Erik Caldwell, President of Last Mile at XPO Logistics told the Supply Chain USA Virtual 2020 Summit that “A lot of our big customers are saying they've gone two years [ahead] of their forecasts in terms of expected growth online. This translated into volumes this summer that were higher than last year's peak volumes in the big and bulky [sector and] in the last mile delivery space…. We are now forecasting something like a 25% to 30% increase in capacity needs going into this peak, and so the landscape has changed dramatically.”
Karen Leavitt, CMO of Locus Robotics, noted this meteoric growth in the grocery sector as well. “At the start of the year, online grocery represented about 3% of the entire grocery sector. By May or June, that had jumped up to almost 10%, so grocery has seen about a four-year acceleration and adoption for online purchases ahead of what analysts had planned.”
This not only puts pressure on the supply chains in terms of volume, but also from consumers eagerly watching and waiting for their deliveries.
“We're seeing a strong trend toward service and service expectations,” said Caldwell, setting a “new baseline”, particularly “around the last mile. This is a category where you're going into the consumers house.” If it is a major purchase it is also often “a very emotional purchase, and there's a lot of feelings tied around that delivery in that purchase. So the expectation is perfection, and the last mile is the most complex piece of the puzzle in supply chain - because it's the end part, everything has to work upstream for that delivery to go perfect.”
This means “Customers are wanting to be informed as much as possible with any type of delays in the fundamental logistics network” said Arnaud Deshais, Chief Supply Chain Officer for e-commerce brand Redbubble. “So, what we spend our time on is to really provide the maximum available information to our customers, whether it was through email, or through our help centre, but being forward and providing customers with the information they need.”
Moving to micro-fulfilment
Another critical approach to try and mitigate risk and to reduce the probability of a problematic delivery that hits the relationship with the customer is to reduce the distance in the last mile, which is driving change in the way distribution is done in the latter stages.
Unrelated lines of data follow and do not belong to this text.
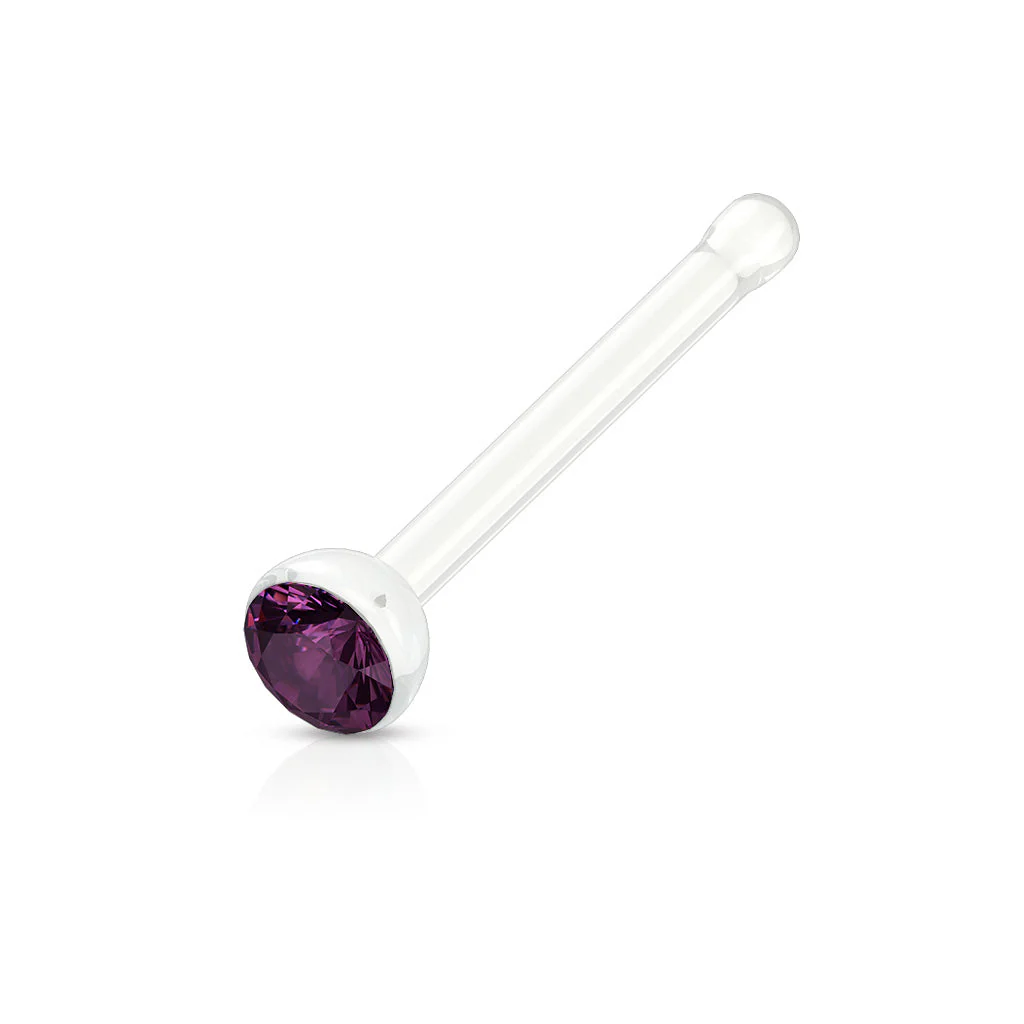 8 Pc Clear Acrylic With Mixed CZ Nose Stud No Metal 20G - Image 2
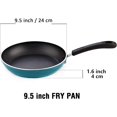 thumbnail image 2 of Cook N Home Nonstick Saute Skillet Fry Pan, 9.5 Inch Kitchen Non-Stick Cookware Cooking Frying Pan, Induction Compatible, Turquoise, 2 of 7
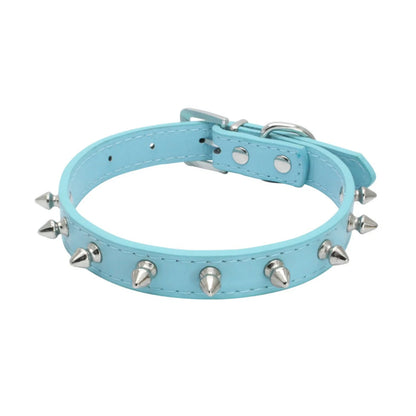 1pc Cool Collar Leather, Spiked Studded, Small Medium Colorful Pets Necklace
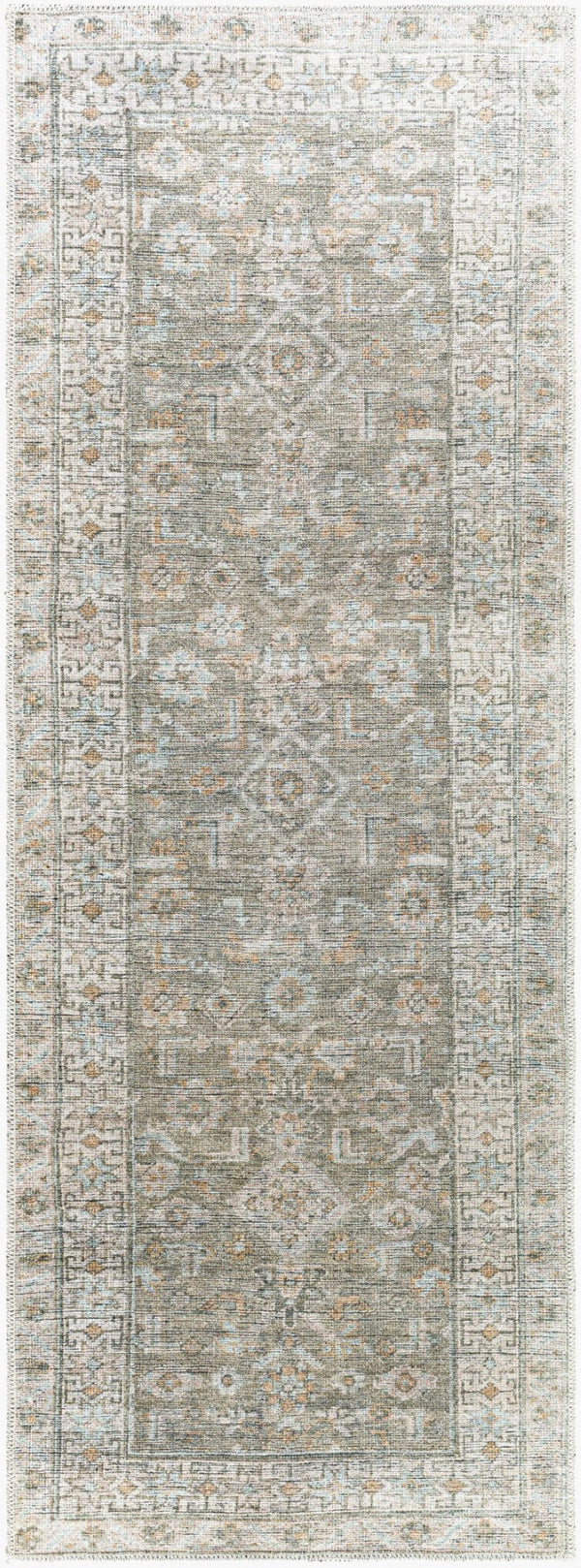 Livabliss Darling Geometric Flatweave Runner Rug Antique Fade Polyester for Hallways and Entryways Cream, Ice Blue 2'7" x 7'3" BODA2301-2773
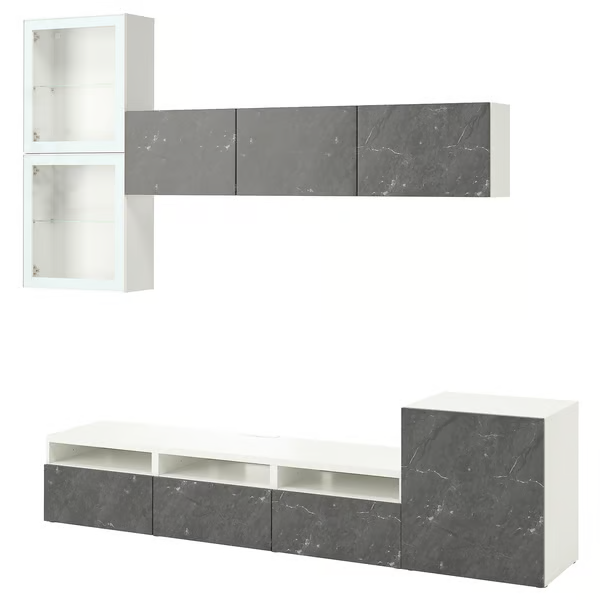 Delta TV  storage combination with glass doors, 300x42x211cm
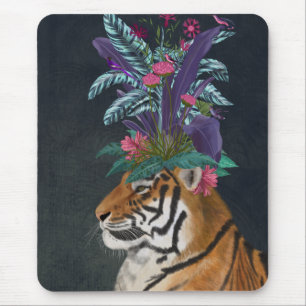 Tapis De Souris Tigre avec tête tropicale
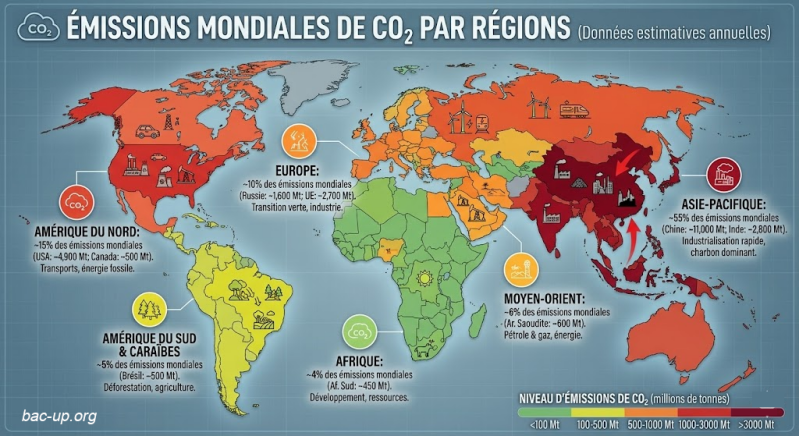 émissions mondiales de CO2 par régions
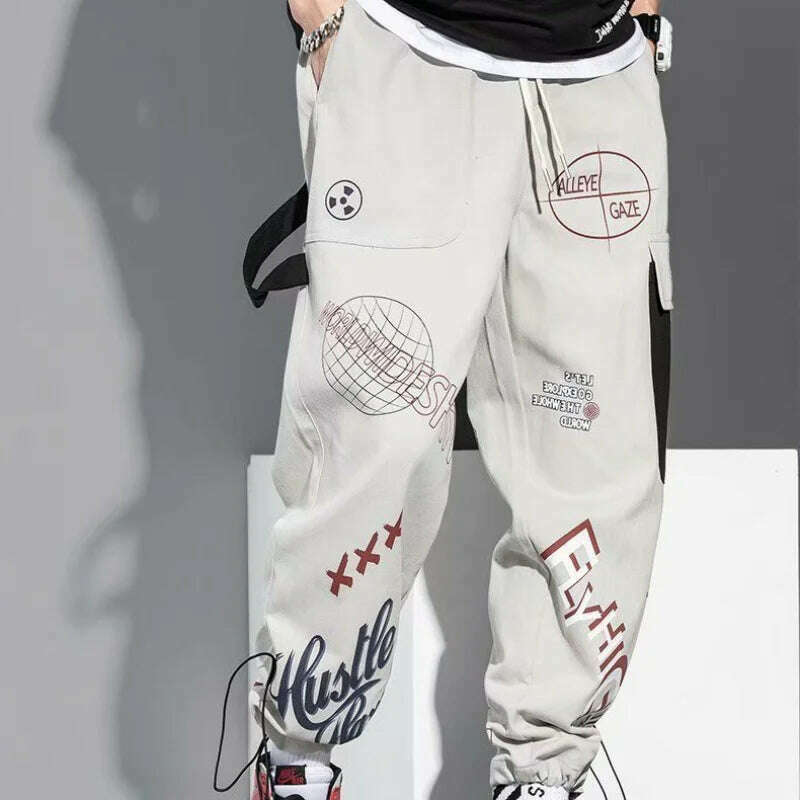 Men's Cargo Pants Y2k Harem Multi Pocket Trousers Loose New In Hiking Wide Vintage Joggers Street Korean Style Fashion Slacks S - KIMLUD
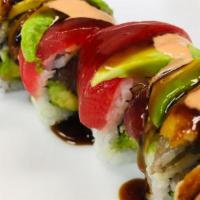 Tuna Combo · Spicy Crunchy Tuna roll topped with tuna, avocado, masago, eel sauce and spicy mayo.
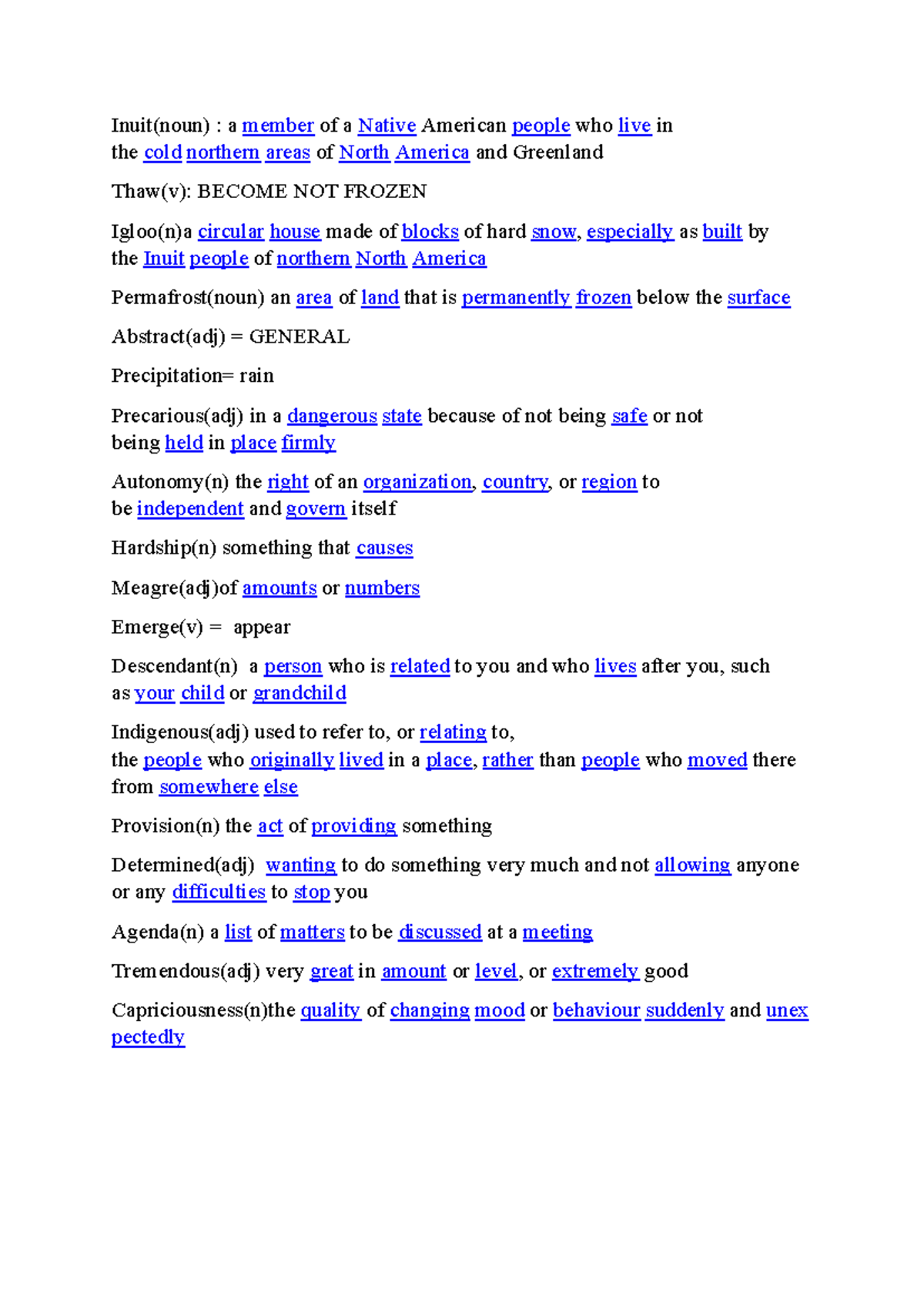 Inuit Vocabulary Matching: Key Terms and Definitions - Studocu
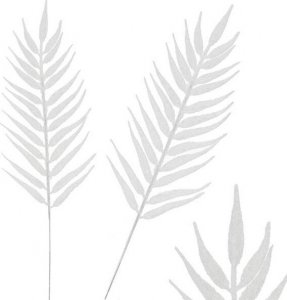 Dekoracja świąteczna Springos Sztuczny liść palmy ozdoba świąteczna dekoracja do stroika biała z brokatem UNIWERSALNY 1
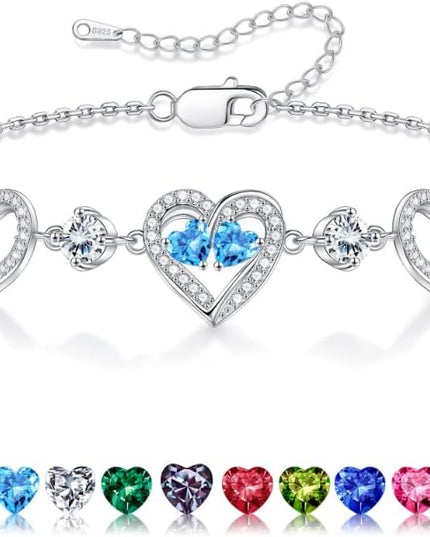Iefil Valentines Day Gifts for Her - 925 Sterling Silver Heart Birthstone Bracelet Birthday Anniversary Jewelry Gifts for Her Wife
Michael Murphy, EVP of Development for industrial real estate developer CenterPoint thinks “It's really created a separate supply chain. The big DCs that would feed stores, they still exist, and then they used to run quarter of a million-footer [facility for e-commerce]. Now that's a separate dedicated distribution centre and that's feeding into the urban last mile facilities. So, for my business, it's really created a different supply chain, in much greater demand for warehouse and distribution, and then unique demand for these last mile facilities.”
“In last mile over the last couple years, we built 85 delivery hubs that are within 125 miles of 90% of the [North American] population… so we can get there in one, or at most two days when the product arrives. That's changed pretty dramatically from a metro sense,” said Caldwell.
“Moving the supply chain closer to the consumer is a huge priority right now for a lot of organisations,” noted IAM Robotics’ Founder and CTO, Tom Galluzzo, driving a major move towards micro-fulfilment centres.
“What it means is that we have local retailers who are now scrambling to implement programs that they thought they had a little bit more luxury of time to have to go do. So, we've seen micro-fulfilment centres cropping up,” said Leavitt.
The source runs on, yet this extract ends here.